Every parent and carer should be determined to be incredibly nosy about their child’s online activity. If that involves having access to your child’s login details so that you can monitor their online activity . . . then so be it.
If that involves sharing accounts so you know when they’ve been active in certain places, and how active, and the type of activity that they’ve been involving themselves in … then you shouldn’t feel guilt or shame about taking this step.
Many parents and carers, whose children have been in trouble online, report that they wished they’d known more about what their children were up to. It really does stand to reason that knowledge is power when keeping your child safe online.
“At the end of the day, the most overwhelming key to a child’s success is the positive involvement of parents.”
– Jane D. Hull
Here are six approaches to consider when stepping into your child’s online world in a respectful, yet effective, way:
- Discover the internet together.
For parents and carers of young children particularly, this helps them to avoid finding the pitfalls of the internet on their own. It’s better to allow them to discover these pitfalls with a supportive person sitting next to them. Explore and browse the internet together. Show them what a Google search can produce and show them the ineffective and useless things that a Google search can also produce. Find safe, enjoyable and engaging websites at their age level together.

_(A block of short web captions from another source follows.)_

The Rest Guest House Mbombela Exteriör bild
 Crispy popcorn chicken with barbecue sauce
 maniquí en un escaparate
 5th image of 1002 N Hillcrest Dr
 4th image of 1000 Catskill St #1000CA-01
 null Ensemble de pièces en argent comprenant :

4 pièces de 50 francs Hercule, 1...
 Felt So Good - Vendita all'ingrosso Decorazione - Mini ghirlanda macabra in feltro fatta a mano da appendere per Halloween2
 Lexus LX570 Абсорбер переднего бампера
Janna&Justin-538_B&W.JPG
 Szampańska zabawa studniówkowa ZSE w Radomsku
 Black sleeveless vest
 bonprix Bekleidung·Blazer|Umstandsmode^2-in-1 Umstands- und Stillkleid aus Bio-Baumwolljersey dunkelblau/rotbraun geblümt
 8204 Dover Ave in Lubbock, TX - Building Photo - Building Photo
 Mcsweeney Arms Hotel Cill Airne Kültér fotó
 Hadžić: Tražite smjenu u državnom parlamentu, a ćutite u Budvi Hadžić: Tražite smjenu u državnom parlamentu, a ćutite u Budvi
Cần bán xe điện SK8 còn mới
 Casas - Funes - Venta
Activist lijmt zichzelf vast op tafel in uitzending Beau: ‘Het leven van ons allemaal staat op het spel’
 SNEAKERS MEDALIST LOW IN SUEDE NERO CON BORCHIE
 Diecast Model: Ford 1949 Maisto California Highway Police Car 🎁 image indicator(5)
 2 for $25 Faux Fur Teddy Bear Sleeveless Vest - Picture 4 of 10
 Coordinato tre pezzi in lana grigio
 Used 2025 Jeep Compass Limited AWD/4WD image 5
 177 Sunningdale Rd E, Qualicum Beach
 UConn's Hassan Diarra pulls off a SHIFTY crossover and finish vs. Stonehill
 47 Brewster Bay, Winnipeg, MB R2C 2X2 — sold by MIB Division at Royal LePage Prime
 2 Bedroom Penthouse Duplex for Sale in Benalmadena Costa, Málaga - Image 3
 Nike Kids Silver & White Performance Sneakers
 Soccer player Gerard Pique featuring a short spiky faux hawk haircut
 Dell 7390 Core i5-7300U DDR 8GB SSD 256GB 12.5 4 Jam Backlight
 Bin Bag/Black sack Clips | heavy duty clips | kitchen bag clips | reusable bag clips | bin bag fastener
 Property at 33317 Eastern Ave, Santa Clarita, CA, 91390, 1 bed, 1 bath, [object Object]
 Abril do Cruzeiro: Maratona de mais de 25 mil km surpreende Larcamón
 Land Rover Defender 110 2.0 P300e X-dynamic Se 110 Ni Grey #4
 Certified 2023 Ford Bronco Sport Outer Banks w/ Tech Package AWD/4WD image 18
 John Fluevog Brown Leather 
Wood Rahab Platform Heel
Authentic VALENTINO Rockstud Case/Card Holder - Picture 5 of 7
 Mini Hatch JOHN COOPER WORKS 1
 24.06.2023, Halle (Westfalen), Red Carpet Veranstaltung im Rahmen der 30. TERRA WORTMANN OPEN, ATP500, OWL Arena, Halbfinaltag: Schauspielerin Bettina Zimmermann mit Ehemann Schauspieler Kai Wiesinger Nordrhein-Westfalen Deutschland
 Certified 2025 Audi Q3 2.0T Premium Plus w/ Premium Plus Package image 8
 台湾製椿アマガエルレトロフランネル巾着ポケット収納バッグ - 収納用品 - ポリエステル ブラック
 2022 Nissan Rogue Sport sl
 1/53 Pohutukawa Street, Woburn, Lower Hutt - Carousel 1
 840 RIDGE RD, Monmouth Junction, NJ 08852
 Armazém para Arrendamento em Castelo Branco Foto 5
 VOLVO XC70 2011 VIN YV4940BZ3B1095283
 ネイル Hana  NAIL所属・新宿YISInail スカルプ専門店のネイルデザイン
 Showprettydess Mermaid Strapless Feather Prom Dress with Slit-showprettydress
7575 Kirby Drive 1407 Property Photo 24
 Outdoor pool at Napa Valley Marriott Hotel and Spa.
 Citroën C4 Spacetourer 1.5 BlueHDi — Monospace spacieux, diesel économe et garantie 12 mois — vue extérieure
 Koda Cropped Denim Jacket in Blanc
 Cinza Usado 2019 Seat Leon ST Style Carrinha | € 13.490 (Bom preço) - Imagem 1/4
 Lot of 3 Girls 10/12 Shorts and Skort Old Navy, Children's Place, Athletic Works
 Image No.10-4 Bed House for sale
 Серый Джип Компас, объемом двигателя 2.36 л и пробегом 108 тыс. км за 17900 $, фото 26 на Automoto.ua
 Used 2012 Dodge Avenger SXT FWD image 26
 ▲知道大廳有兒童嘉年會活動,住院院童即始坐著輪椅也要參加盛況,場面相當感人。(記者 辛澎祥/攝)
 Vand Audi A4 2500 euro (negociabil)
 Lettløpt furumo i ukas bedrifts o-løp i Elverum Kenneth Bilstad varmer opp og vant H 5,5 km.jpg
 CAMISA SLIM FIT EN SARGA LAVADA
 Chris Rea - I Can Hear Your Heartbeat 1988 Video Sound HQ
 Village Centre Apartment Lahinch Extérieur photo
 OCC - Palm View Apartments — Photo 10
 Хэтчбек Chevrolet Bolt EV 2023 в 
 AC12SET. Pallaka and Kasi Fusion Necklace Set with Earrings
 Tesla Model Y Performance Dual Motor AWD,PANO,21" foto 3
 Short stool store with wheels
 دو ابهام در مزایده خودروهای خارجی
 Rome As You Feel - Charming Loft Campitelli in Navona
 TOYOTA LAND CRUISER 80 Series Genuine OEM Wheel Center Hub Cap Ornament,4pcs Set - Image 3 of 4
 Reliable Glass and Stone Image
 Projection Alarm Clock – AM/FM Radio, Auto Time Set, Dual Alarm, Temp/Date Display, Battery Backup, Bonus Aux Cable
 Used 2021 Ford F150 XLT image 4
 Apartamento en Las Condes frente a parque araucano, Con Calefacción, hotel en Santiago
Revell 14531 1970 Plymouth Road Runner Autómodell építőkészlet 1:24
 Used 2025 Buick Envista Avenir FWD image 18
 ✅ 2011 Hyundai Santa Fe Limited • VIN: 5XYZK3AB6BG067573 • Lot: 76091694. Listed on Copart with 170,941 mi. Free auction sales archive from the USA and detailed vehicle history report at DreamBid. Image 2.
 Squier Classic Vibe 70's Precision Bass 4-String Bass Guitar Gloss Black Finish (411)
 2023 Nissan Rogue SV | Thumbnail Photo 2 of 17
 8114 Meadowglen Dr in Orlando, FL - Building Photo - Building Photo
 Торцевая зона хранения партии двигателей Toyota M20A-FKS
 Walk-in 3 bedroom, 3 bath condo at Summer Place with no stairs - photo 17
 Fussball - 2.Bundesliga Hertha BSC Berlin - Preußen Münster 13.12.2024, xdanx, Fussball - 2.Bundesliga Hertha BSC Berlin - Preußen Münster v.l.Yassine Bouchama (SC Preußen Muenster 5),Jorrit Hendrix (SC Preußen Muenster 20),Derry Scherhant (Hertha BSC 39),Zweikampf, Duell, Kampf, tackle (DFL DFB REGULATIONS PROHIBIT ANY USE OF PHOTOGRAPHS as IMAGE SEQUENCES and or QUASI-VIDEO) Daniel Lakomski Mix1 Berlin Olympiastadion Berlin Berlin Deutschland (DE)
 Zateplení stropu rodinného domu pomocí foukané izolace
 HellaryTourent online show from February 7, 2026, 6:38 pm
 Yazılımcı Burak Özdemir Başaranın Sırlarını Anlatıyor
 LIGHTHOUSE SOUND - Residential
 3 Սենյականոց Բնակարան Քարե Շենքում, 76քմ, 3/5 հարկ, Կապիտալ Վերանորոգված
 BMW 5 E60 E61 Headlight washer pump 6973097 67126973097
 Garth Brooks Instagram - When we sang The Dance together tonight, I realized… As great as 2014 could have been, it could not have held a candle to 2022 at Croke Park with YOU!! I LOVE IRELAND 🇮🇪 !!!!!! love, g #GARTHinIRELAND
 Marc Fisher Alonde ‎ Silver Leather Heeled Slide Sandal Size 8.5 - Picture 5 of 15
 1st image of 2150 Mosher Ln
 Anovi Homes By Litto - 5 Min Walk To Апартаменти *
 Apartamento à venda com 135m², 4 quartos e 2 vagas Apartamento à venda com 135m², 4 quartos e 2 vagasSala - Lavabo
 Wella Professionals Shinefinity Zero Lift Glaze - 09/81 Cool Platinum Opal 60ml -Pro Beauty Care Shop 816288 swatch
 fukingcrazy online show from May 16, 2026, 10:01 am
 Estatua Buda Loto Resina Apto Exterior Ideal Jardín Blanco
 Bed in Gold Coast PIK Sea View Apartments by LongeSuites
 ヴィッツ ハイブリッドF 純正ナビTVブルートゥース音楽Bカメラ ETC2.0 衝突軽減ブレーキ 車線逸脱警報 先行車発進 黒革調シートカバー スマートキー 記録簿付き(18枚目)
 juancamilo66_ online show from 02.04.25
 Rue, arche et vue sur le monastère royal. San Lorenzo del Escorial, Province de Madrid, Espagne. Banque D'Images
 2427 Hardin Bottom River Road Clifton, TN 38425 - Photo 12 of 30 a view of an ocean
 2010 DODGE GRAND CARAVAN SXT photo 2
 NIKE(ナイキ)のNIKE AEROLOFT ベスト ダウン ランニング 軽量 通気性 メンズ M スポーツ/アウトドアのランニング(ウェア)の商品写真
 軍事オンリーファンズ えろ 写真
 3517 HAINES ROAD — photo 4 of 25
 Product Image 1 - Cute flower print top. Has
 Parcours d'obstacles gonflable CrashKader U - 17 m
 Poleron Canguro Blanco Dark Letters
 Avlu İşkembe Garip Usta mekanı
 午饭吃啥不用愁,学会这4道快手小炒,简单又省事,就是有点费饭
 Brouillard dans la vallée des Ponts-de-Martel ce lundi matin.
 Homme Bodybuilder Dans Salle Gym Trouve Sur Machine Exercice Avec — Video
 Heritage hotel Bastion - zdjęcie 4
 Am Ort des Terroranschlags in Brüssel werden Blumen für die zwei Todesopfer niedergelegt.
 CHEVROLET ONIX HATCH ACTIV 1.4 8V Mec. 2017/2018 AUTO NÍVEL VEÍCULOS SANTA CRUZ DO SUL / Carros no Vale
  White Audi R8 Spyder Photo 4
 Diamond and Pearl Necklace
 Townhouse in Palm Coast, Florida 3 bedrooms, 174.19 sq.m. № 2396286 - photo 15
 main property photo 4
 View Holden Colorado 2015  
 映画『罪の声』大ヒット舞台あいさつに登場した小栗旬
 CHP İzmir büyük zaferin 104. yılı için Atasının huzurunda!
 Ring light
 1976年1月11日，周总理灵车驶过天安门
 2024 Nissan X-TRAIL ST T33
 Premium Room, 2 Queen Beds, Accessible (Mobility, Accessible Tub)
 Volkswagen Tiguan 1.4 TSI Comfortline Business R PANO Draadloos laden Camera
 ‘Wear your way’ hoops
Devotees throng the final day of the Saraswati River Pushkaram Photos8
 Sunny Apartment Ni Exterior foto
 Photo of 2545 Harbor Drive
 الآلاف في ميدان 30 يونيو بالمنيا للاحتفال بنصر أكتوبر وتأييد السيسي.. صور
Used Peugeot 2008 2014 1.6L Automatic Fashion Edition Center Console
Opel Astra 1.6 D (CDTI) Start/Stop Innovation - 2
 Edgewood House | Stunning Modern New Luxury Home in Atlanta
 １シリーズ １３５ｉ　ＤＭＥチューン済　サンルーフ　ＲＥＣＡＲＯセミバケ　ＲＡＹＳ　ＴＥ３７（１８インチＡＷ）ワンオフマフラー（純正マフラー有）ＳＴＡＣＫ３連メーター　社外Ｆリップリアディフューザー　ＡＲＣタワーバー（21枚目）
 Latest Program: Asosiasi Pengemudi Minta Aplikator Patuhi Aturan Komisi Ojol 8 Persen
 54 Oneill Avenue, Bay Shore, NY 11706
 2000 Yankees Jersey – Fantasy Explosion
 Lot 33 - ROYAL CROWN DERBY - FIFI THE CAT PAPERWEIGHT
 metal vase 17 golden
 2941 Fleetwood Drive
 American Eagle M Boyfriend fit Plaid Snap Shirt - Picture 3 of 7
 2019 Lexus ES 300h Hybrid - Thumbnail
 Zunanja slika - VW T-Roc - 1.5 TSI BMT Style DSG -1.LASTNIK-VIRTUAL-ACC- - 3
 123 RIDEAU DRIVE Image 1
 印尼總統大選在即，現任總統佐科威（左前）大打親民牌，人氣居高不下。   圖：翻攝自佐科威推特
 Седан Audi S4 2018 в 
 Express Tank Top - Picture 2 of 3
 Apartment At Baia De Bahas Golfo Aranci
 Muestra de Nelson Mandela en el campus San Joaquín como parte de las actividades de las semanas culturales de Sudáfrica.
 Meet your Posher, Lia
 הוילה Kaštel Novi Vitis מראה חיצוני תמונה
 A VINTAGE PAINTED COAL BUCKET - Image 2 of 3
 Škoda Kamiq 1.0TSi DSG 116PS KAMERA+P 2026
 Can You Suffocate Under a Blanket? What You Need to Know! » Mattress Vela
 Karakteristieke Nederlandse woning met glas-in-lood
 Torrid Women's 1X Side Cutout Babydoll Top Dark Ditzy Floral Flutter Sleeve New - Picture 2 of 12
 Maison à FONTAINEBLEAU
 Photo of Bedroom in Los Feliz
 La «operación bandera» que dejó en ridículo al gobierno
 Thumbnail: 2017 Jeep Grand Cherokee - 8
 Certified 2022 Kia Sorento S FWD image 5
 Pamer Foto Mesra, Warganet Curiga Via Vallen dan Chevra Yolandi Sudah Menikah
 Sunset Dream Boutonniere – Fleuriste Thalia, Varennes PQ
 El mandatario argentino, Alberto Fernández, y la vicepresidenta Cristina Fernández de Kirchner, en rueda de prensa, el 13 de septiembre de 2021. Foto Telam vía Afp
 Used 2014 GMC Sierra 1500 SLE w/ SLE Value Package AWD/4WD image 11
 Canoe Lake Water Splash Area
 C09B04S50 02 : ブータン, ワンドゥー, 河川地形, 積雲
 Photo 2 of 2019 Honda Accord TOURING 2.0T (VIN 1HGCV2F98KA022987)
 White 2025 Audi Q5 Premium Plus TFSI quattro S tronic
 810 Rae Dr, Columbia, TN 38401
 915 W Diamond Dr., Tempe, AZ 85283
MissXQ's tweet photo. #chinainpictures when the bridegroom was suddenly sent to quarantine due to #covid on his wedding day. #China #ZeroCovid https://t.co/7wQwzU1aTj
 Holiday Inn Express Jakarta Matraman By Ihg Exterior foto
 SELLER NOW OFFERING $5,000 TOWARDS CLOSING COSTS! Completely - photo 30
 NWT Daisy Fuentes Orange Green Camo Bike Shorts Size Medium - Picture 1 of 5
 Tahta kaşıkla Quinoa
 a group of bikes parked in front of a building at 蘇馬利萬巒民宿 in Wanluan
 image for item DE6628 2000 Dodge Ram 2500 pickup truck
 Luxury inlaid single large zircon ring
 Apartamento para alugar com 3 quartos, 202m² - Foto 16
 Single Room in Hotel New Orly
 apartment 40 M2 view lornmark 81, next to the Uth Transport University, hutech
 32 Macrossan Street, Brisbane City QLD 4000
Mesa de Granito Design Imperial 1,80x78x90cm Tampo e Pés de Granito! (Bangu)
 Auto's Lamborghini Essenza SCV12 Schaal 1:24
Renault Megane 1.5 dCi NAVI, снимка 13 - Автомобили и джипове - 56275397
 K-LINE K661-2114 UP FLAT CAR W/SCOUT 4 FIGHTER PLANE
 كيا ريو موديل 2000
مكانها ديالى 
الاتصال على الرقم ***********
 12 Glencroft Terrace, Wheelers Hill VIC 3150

- Agree on the rules of engagement.
This means discussing together the when of the internet, the time allocation that will be allowed in your household, the type of behaviour that is acceptable, the types of sites that you will and won’t allow access to, and the rules that apply specifically to sharing personal information online. This should include clear guidelines about which information about themselves is appropriate to share, and which information about themselves is unsafe to share with people they have not yet met face to face.
- Discuss fake friends.
Make it clear to your children that there are people in the online world who will represent themselves as somebody they are not. Ask them about how they would know if a person was not who they claimed to be and point out how difficult that really is. Once children have realised this, they will often decide for themselves that the safest assumption they can make about online friends is that they could be fake. Point out the differences in conduct between friends who might be fakes and those that we know and trust and see regularly.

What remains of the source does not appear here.